This section is still under construction

The most complicated exponential equations that we will solve in this class are ones with the variable on both sides of the equation. In that case, we need to use a log to get the variables out of the exponent. After that, we can combine the x's and solve. Technically, you can use any log that you want to solve these equations. Some will just be more useful than others, in some cases.

Example 17.8.

Suppose we want to solve the following equation:

\begin{equation*} 9^{4x+7}=81^{3x-1} \end{equation*}

There are two ways we might solve this, and you may choose any that you want.

Option 1: Exponent Ruels. Notice that \(81=9^2\text{.}\) So, we can use that to rewrite our equation:

\begin{equation*} 9^{4x+7}=\left(9^2\right)^{3x-1}=9^{2(3x-1)}=9^{6x-2} \end{equation*}

Now that both sides are exponentials base 9, we can see that using a log base 9 will be the most useful, since it will cancel both sides.

\begin{align*} {\color{red}{\log_9}}\left(9^{4x+7}\right)\amp={\color{red}{\log_9}}\left(9^{6x-2}\right)\\ 4x+7\amp=6x-2 \end{align*}

Now, we have no more logs or exponentials, so we go back to the solving strategies that we learned, for example, in Section 6.1.

\begin{align*} 4x+7\amp=6x-2\\ 4x+7{\color{red}{-4x}}\amp=6x-2{\color{red}{-4x}}\\ 7\amp=2x-2\\ 7{\color{red}{+2}}\amp=2x-2{\color{red}{+2}}\\ 9\amp=2x\\ \frac{9}{\color{red}{2}}\amp=\frac{2x}{\color{red}{2}}\\ \frac{9}{2}\amp= x \end{align*}

Option 2: Log Rules. We still notice that \(81=9^2\text{,}\) but instead of subsituting, that information just helps us decide that we want to take log base 9 for this problem. Although it will cancel on the left-hand side, it won't yet cancel on the right. Luckily, we can use our log properties to bring down the exponent and then simplify.
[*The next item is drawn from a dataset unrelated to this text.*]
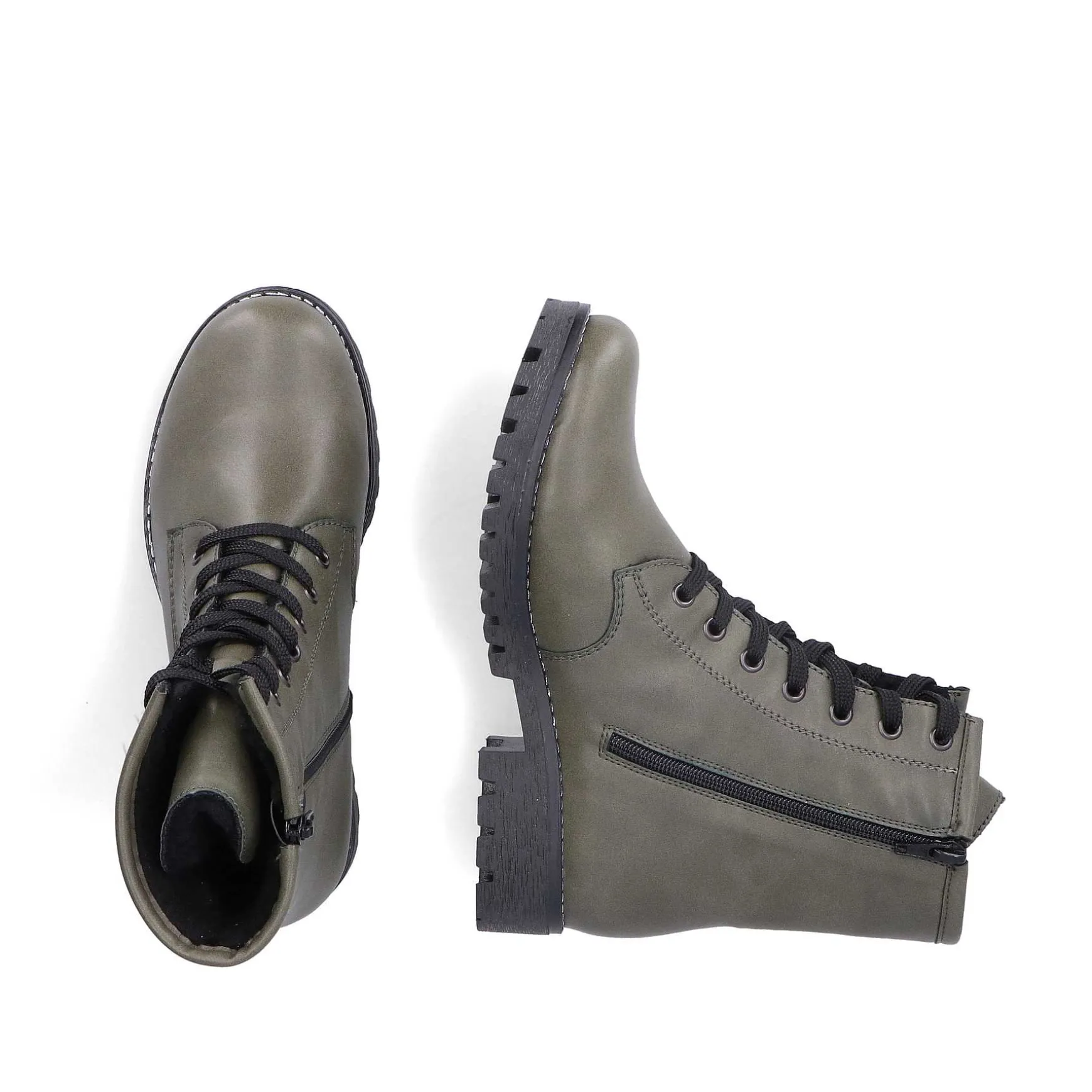 Rieker Women'S Biker Boots Gray Green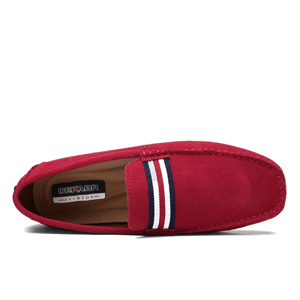 Stylish Suede Loafers for Men with Breathable Comfort Design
\begin{align*} {\color{red}{\log_9}}\left(9^{4x+7}\right)\amp={\color{red}{\log_9}}\left(81^{3x-1}\right)\\ 4x+7\amp=\log_9\left(81^{3x-1}\right)\\ 4x+7\amp=(3x-1)\log_9(81)\\ 4x+7\amp=(3x-1)\log_9\left(9^2\right)\\ 4x+7\amp=(3x-1)2\\ 4x+7\amp=6x-2 \end{align*}

Now we have gotten rid of the exponents and logs, so we can combine the x's and finish solving this equation.

\begin{align*} 4x+7{\color{red}{-4x}}\amp=6x-2{\color{red}{-4x}}\\ 4x+7{\color{red}{-4x}}\amp=6x-2{\color{red}{-4x}}\\ 7\amp=2x-2\\ 7{\color{red}{+2}}\amp=2x-2{\color{red}{+2}}\\ 9\amp=2x\\ \frac{9}{\color{red}{2}}\amp=\frac{2x}{\color{red}{2}}\\ \frac{9}{2}\amp= x \end{align*}

Checkpoint 17.9.

Solve the following equation for \(x\text{.}\)

\begin{equation*} 5^{x-3}=125^{x+7} \end{equation*}
Answer.

\(x=-12\)

Solution.

There are two ways we might solve this, and you may choose any that you want.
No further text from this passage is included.